Allyson Yorks, of Click + Stitch Embroidery in Quincy, loads a design into her stitching machine on Wednesday, Jan. 26, 2022.
Allyson Yorks, of Click + Stitch Embroidery in Quincy, loads a design into her stitching machine on Wednesday, Jan. 26, 2022.

Read her story: One stitch at a time

Whimsy abounds with Tiny Kitchen Cookie Company

A recently refinished, modern kitchen in Weymouth ia home to the colorful, messy and whimsical Tiny Kitchen Cookie Company.

From the get-go Jenn Lordan Leslie said the act of cookie decorating came naturally, but it took time to develop her own style. Some bakers use detailed earth tones, others take a minimalist approach and others still, like Leslie, lean toward bright colors that spark joy.

Read her story: Colorful, whimsical desserts come from Weymouth's Tiny Kitchen Cookie Company

This Milton florist gives back

In her Milton backyard, Jenn Goonan has spent the last several springs and summers planting a variety of flowers, perfecting her gardening and sharpening her arranging skills to make colorful bouquets. And she's gotten good at it.

"This summer I had an abundance of flowers, way too many for just myself, friends and family, and I thought, 'Maybe this is a new way to give back,'" she said.

That season of abundance led her to create Cheers to Flowers, through which she gives a bouquet to a local senior center or nursing home for every one she sells.

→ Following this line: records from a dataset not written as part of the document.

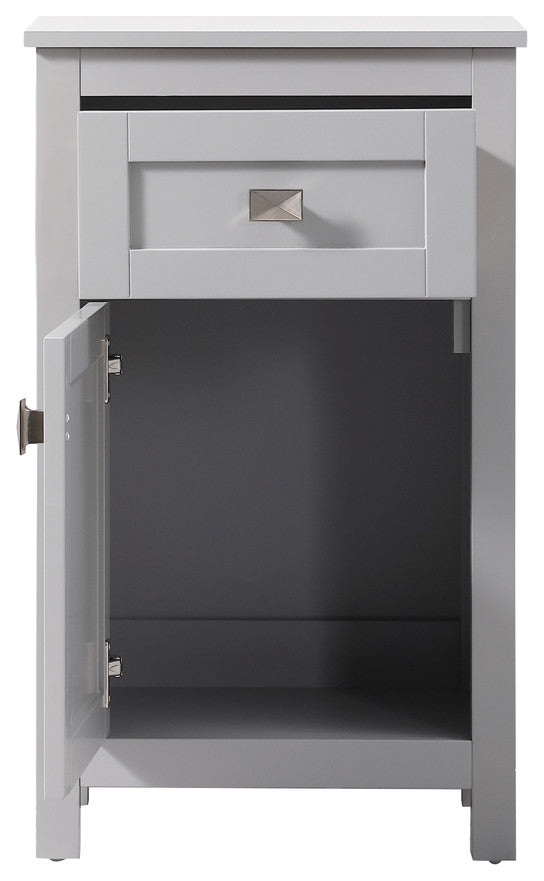 18" Wide Bathroom Storage Freedstanding Cabinet, Grey
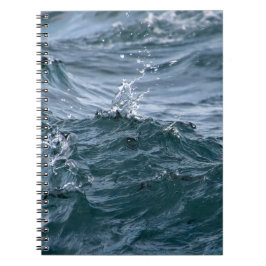 Lake Michigan Blue Water Notizblock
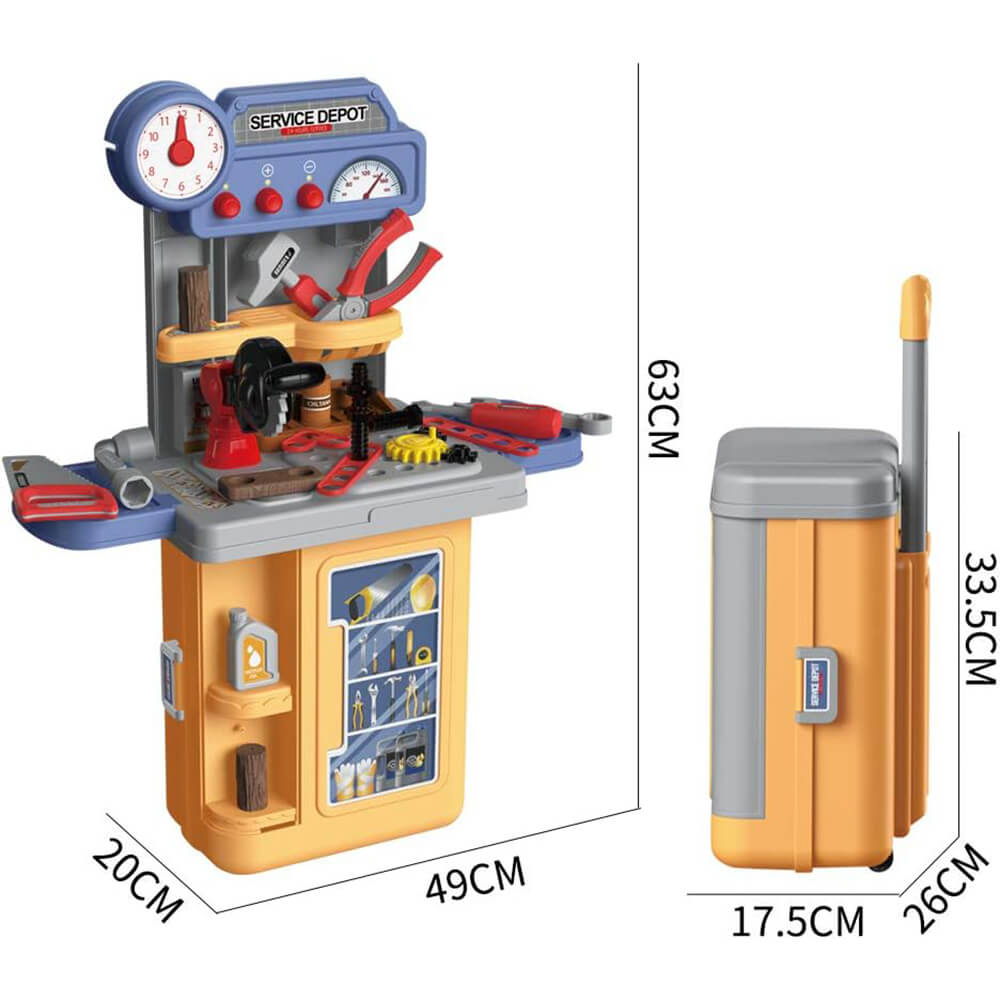 4 IN 1 CARPENTER ENGINEER ROLE-PLAY SUITCASE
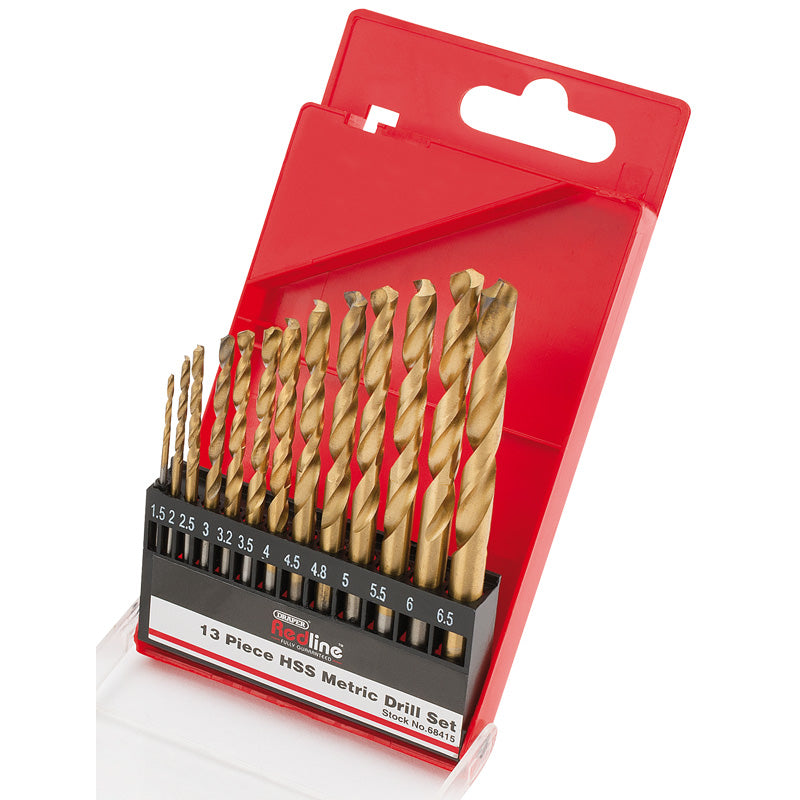 Draper HSS Metric Twist Drill Set (13 Piece)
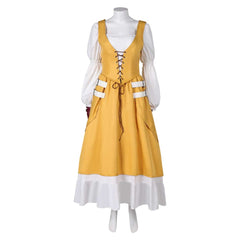 Game Final Fantasy VII Rebirth (2024) Aerith Yellow Dress Outfits Cosplay Costume Halloween Carnival Suit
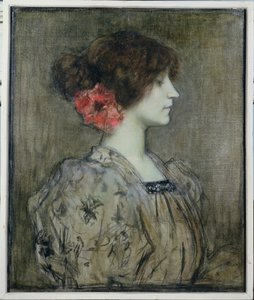 Colette (1873-1954), ca.1896 af Jacques Fernand Humbert
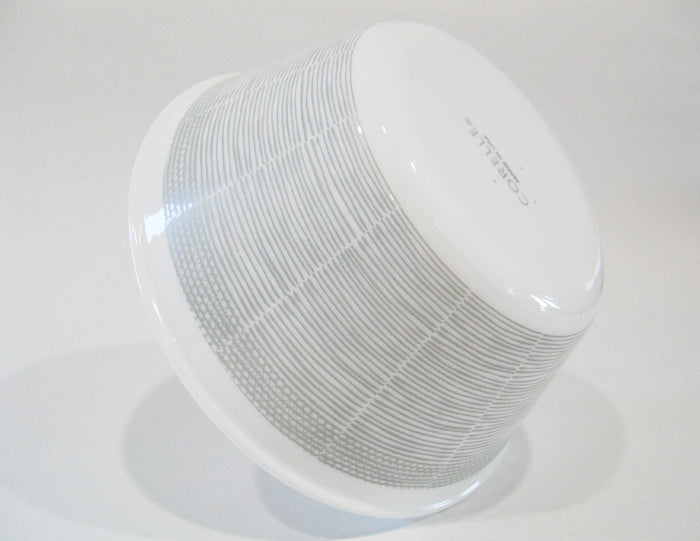 Corelle WOVEN LINES 21.5-oz SOUP CEREAL BOWL Salad Flared Rim Grey Gray Fabric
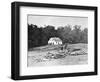 Antietam, MD, Bodies in Front of Dunker Church, Civil War-Lantern Press-Framed Art Print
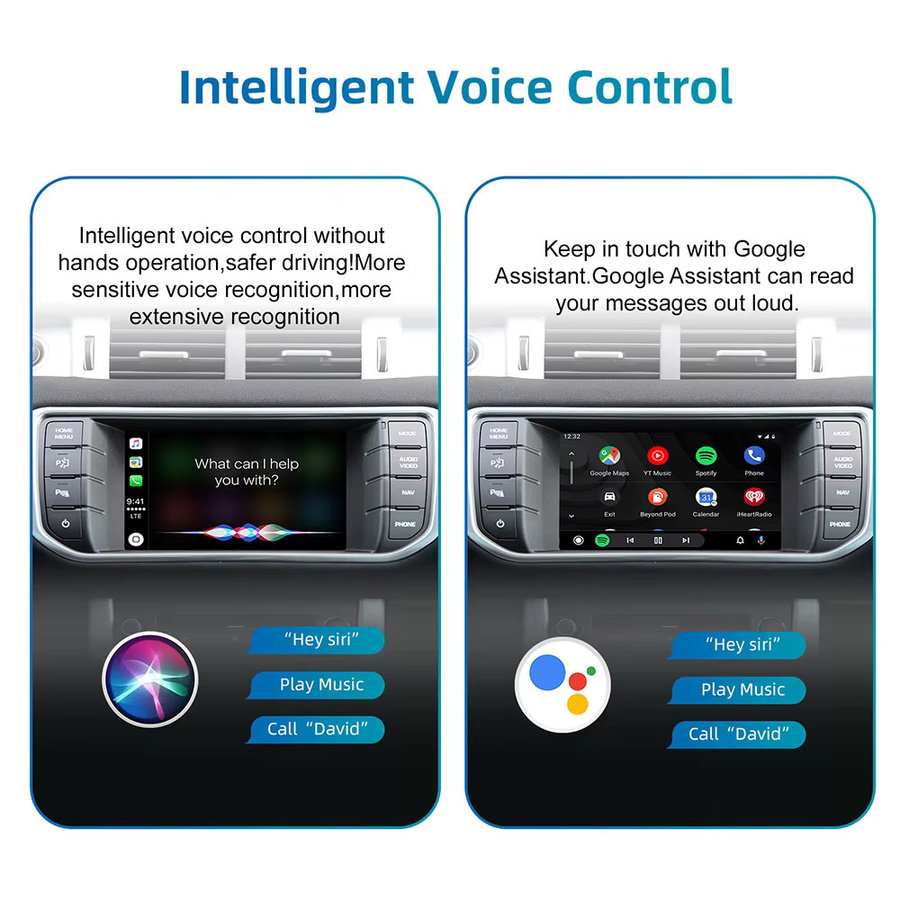 ANYFAR Drahtloses CarPlay und Android Auto Interface für Land Rover und Jaguar in Schwarz - Bild 4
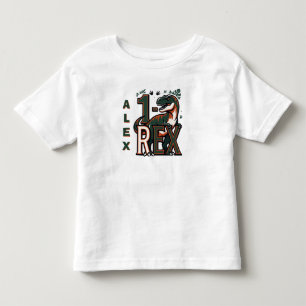 1 Camiseta de Aniversário do Dinossauro Rex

Read her story: Milton florist donates a bouquet to seniors for every order she fills

Salt & Branch candles are made in Quincy

Melissa Mengel launched Salt and Branch in January 2020 as a website to only buy other people's goods. Today, they also sell a line of candles Mengel hand makes in her Quincy home.

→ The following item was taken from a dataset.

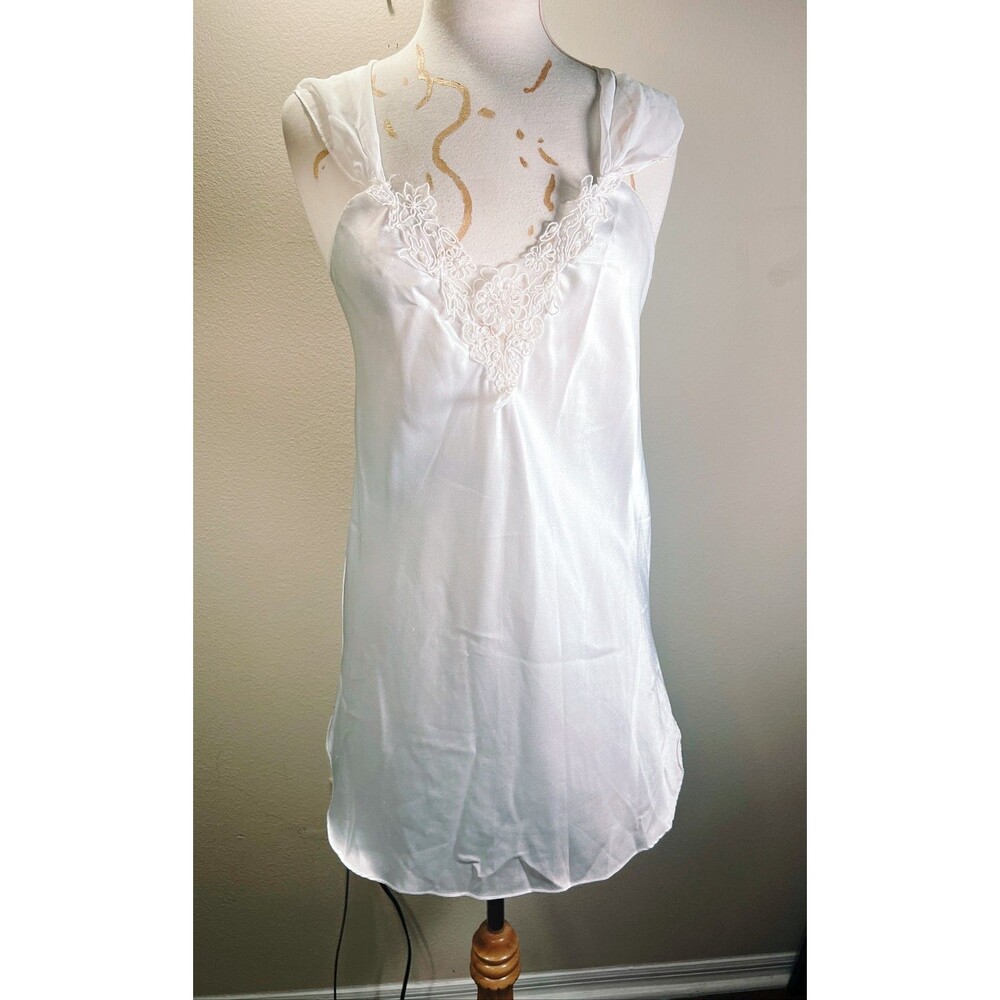 Intimate Affair Nightgown Size S Vintage 80's Satin Dreams Boudoir Chic Lingerie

It wasn't a seamless process, she said, and she spent time experimenting with different scents, essential oils and waxes before settling on soy wax and oil blends she feels are clean burning and not overwhelming. Through her experimentation, she said she gained the confidence to market a local, quality product she was proud of.

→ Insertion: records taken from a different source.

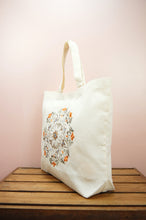 Marrakesh on Natural Canvas Shopping Tote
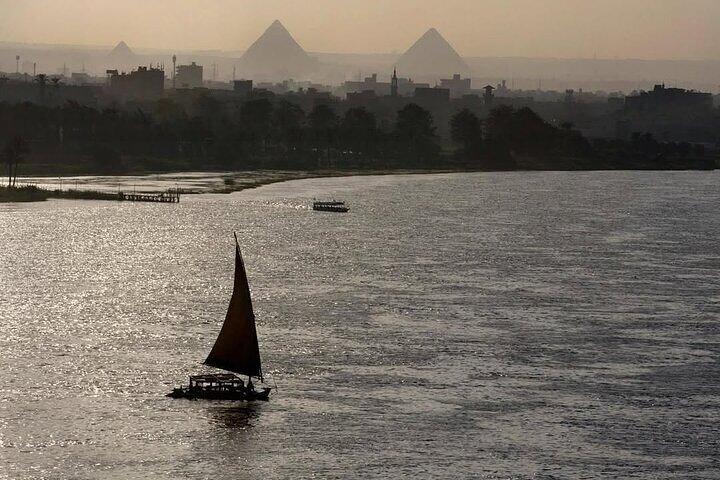 Grand Egyptian Museum Pyramids Sphinx & Bazaar Or Nile Felucca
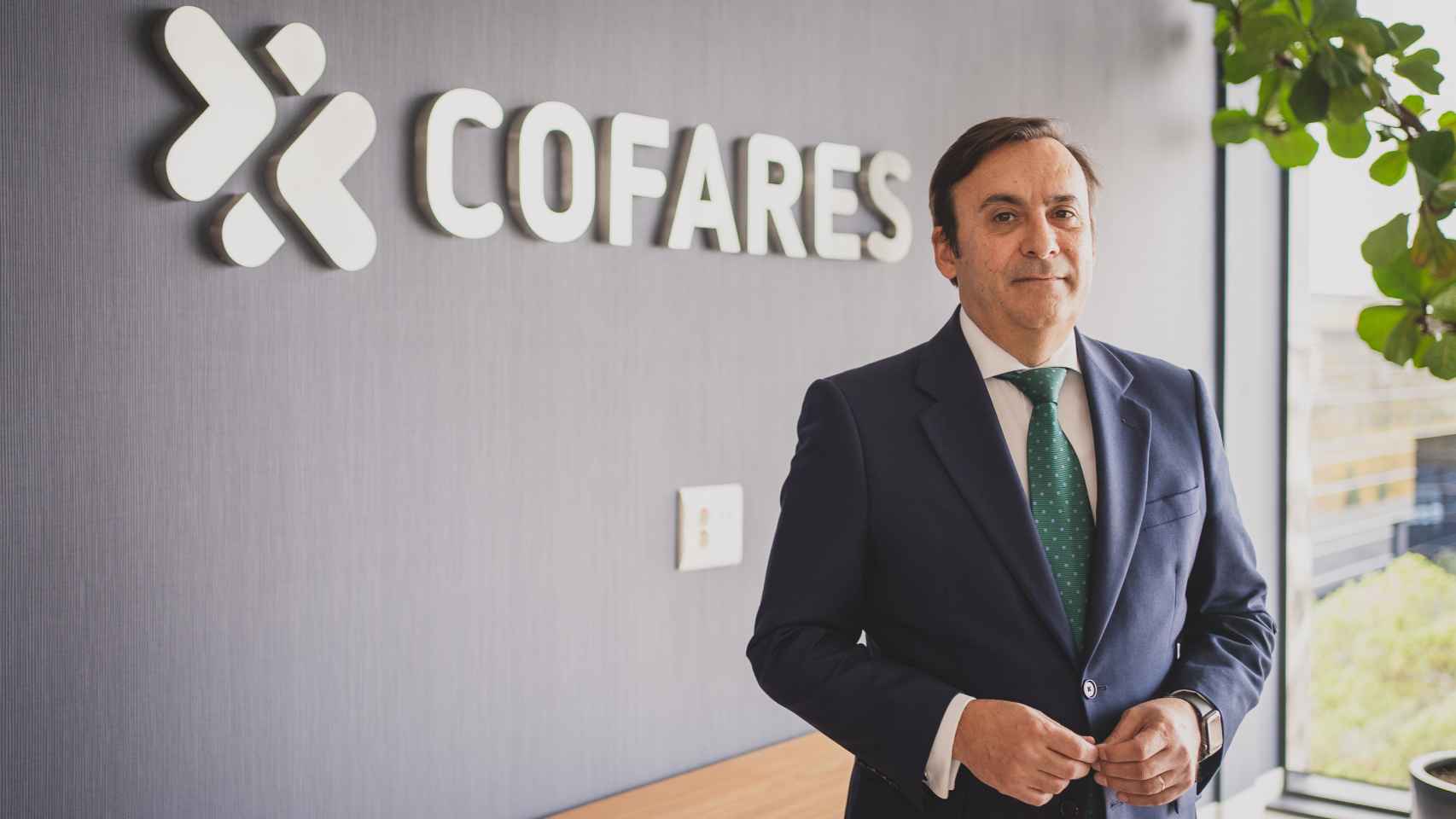 Eduardo Pastor, presidente de Cofares, en las oficinas de la cooperativa en Madrid.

Read her story: Quincy woman's candle company thrives in first year

Art of making paper revived in Marshfield

It's a lost art not many understand, she said, but Marshfield's Erin Merchant MacAllister said it was as if her life led her directly to the unique and complicated hobby of creating paper from natural fibers. An artist for as long as she can remember, MacAllister stumbled upon a papermaking class while studying at Boston's Museum of Fine Arts in college. Then, her grandfather offered his basement to serve as her sprawling studio.

Marshfield artisan Erin Merchant MacAllister makes paper by hand from raw materials including tree and plant fibers, banana peels and seaweed.
Marshfield artisan Erin Merchant MacAllister makes paper by hand from raw materials including tree and plant fibers, banana peels and seaweed.

Read the full story: Art of making paper revived in Marshfield

Clay earring business reinvigorates Rockland mom's creativity

Jessica Nicholson runs a small business called J. Lobes, through which she makes increasingly popular polymer clay earrings. She does all of her work at a small desk in the corner of her bedroom during her kids' naptimes and in the middle of the night – mixing her own colors in a Kitchen Aid mixer near her bed, cutting out each shape by hand and baking them in a toaster oven she keeps plugged in under her desk.

Running a business from a single tabletop while two kids run around isn't for the faint of heart. But she says she wouldn't have it any other way.

"It's a little unorganized, but it's been working for me and it takes the pressure off," she said. "I really take my time and put a lot into it. I like keeping it small batch. It feels special and inclusive."

Read the full story: 'It's like I re-found myself'

'It reminds of the Colonial era'

Claire Hassett lives in a 200-year-old home with original wood beam ceilings, works partially out of a 19th-century, two-story barn and is just as happy to open a window and listen to birds chirping as she is to throw on a podcast.

But where her true appreciation for history and tradition shines is her artistry: weaving.

Claire Hassett, owner of Barn Door Arts in Hanover, uses a loom to weave towels, table runners and more from cotton and linen.
Claire Hassett, owner of Barn Door Arts in Hanover, uses a loom to weave towels, table runners and more from cotton and linen.

Read the full story: Artistry meets history for Hanover weaver Claire Hassett

The story of Halifax's Sweet Mama Sauce

Halifax resident Joe Ethier has put his own fresh spin on a once-niche product that has exploded in popularity and saturated the market over the last five years.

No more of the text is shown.